[[ Extracted entries, beginning ]]

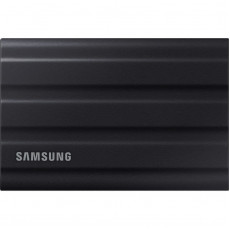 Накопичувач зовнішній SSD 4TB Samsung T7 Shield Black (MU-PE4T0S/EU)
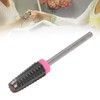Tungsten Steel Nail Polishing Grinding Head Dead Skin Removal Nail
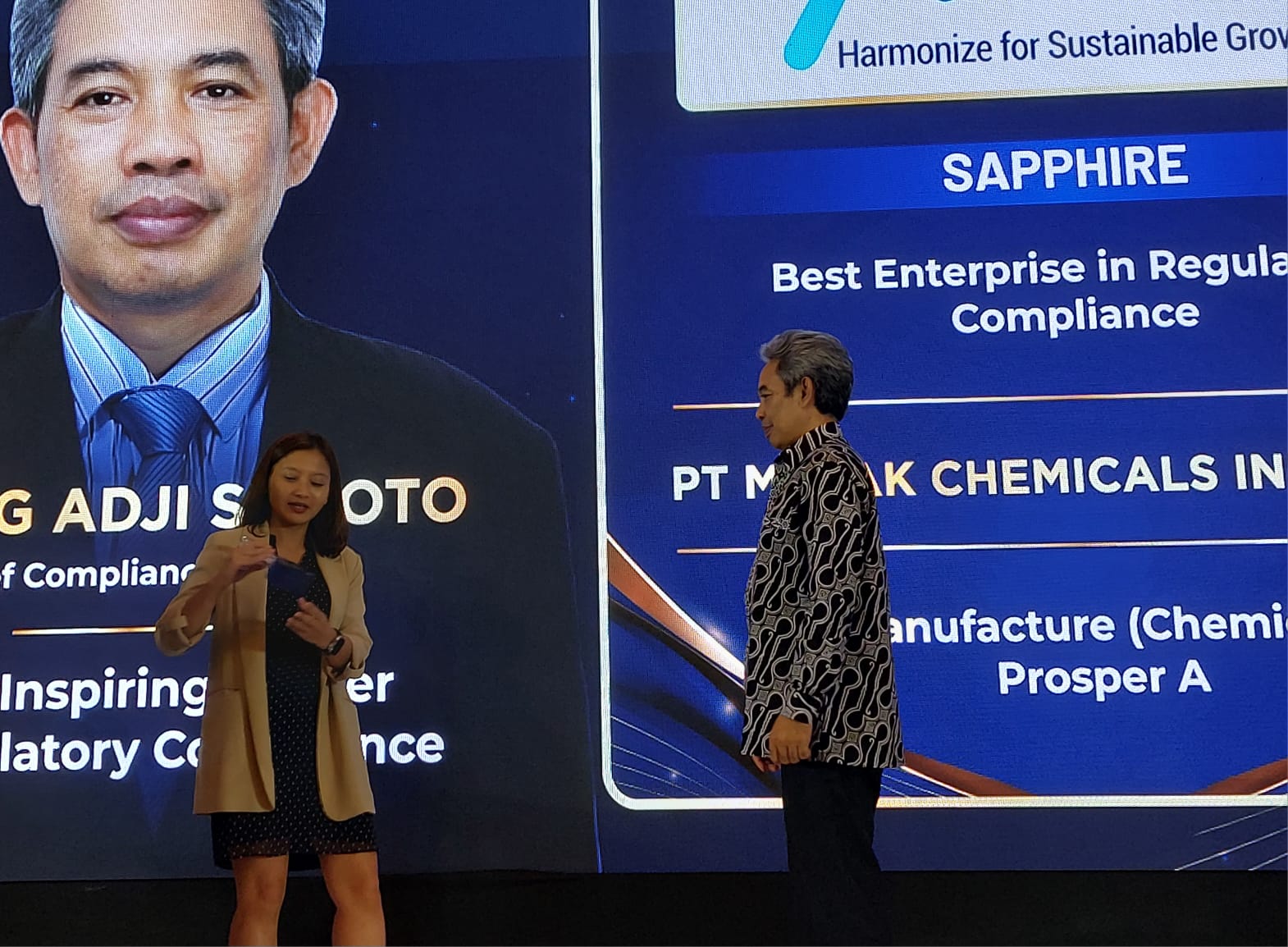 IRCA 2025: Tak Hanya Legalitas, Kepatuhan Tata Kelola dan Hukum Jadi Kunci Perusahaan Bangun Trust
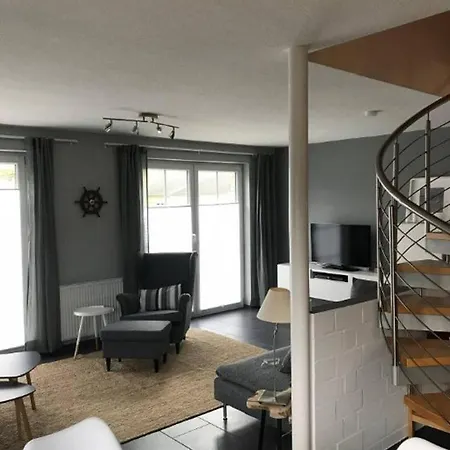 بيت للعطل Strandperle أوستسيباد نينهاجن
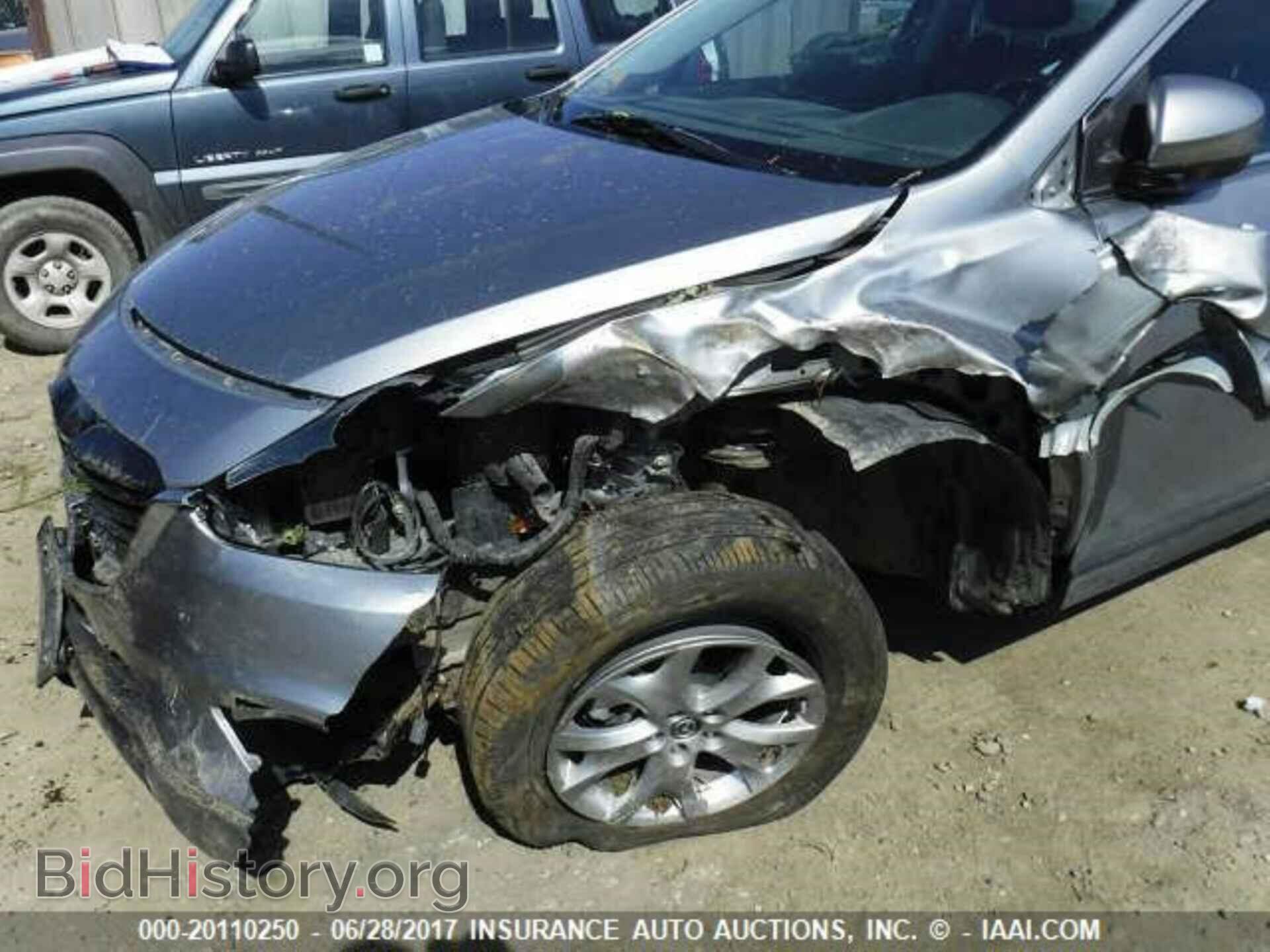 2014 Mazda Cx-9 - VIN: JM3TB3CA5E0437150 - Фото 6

[[ Extracted entries, end ]]

**Task prompt:** Write out every line of the listing exactly as written, and leave the pictures out.

**Answer for the task:**
 Накопичувач зовнішній SSD 4TB Samsung T7 Shield Black (MU-PE4T0S/EU)
Tungsten Steel Nail Polishing Grinding Head Dead Skin Removal Nail
 IRCA 2025: Tak Hanya Legalitas, Kepatuhan Tata Kelola dan Hukum Jadi Kunci Perusahaan Bangun Trust
 بيت للعطل Strandperle أوستسيباد نينهاجن
 2014 Mazda Cx-9 - VIN: JM3TB3CA5E0437150 - Фото 6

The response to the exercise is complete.